▸ PROVIDED MATERIAL
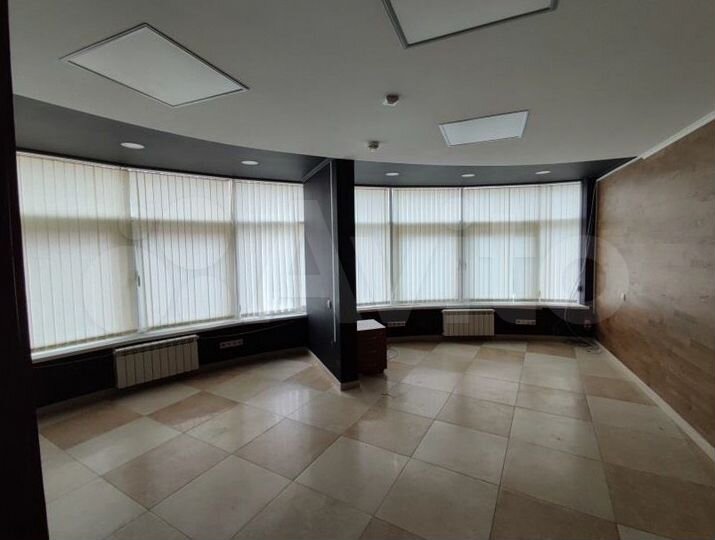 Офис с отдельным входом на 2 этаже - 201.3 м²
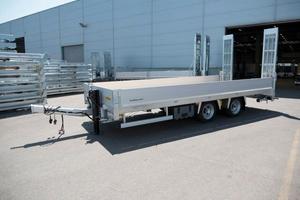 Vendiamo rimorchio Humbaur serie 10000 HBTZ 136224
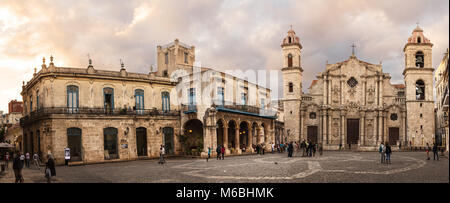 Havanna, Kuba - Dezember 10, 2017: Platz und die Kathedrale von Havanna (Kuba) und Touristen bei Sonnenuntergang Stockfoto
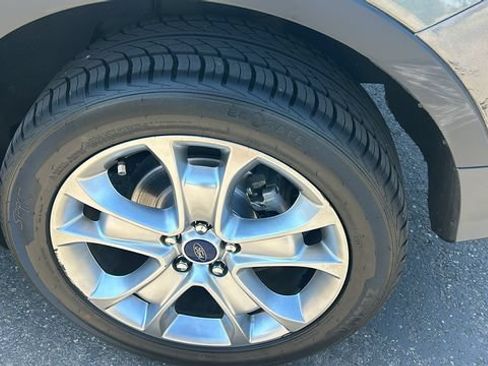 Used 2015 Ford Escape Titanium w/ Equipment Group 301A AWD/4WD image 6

▸ WHAT IS REQUIRED
Repeat the material exactly and drop each image.

▸ ANSWER BOX
 Офис с отдельным входом на 2 этаже - 201.3 м²
 Vendiamo rimorchio Humbaur serie 10000 HBTZ 136224
 Havanna, Kuba - Dezember 10, 2017: Platz und die Kathedrale von Havanna (Kuba) und Touristen bei Sonnenuntergang Stockfoto
 Used 2015 Ford Escape Titanium w/ Equipment Group 301A AWD/4WD image 6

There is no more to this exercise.